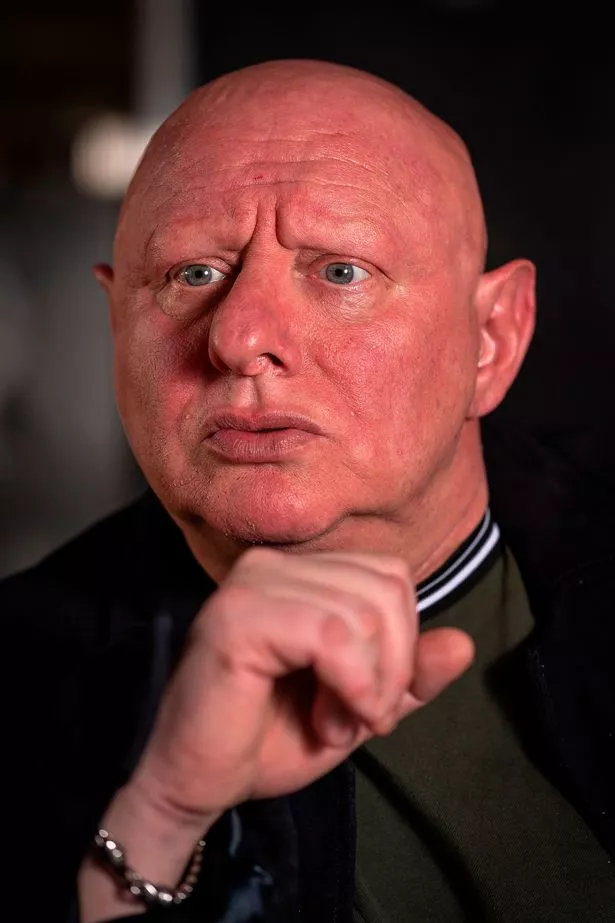 Http://fanpagepress.net/m/S/Shaun Ryder New Pic 1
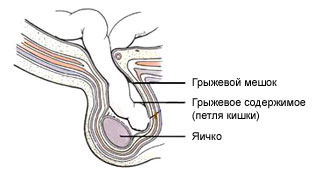 Грижа яєчка анатомо-фізіологічні передумови для її освіти, симптоми і лікування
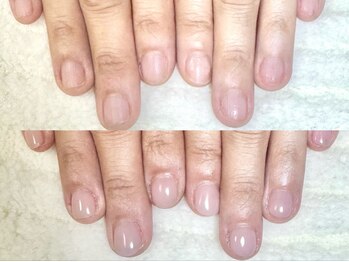 グラシナ なんば店/深爪/自爪育成/フィルイン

§ **Prompt**:
Omit the pictures. Repeat the rest of the data exactly.

§ **Task solution**:
 Http://fanpagepress.net/m/S/Shaun Ryder New Pic 1
 Грижа яєчка анатомо-фізіологічні передумови для її освіти, симптоми і лікування
 グラシナ なんば店/深爪/自爪育成/フィルイン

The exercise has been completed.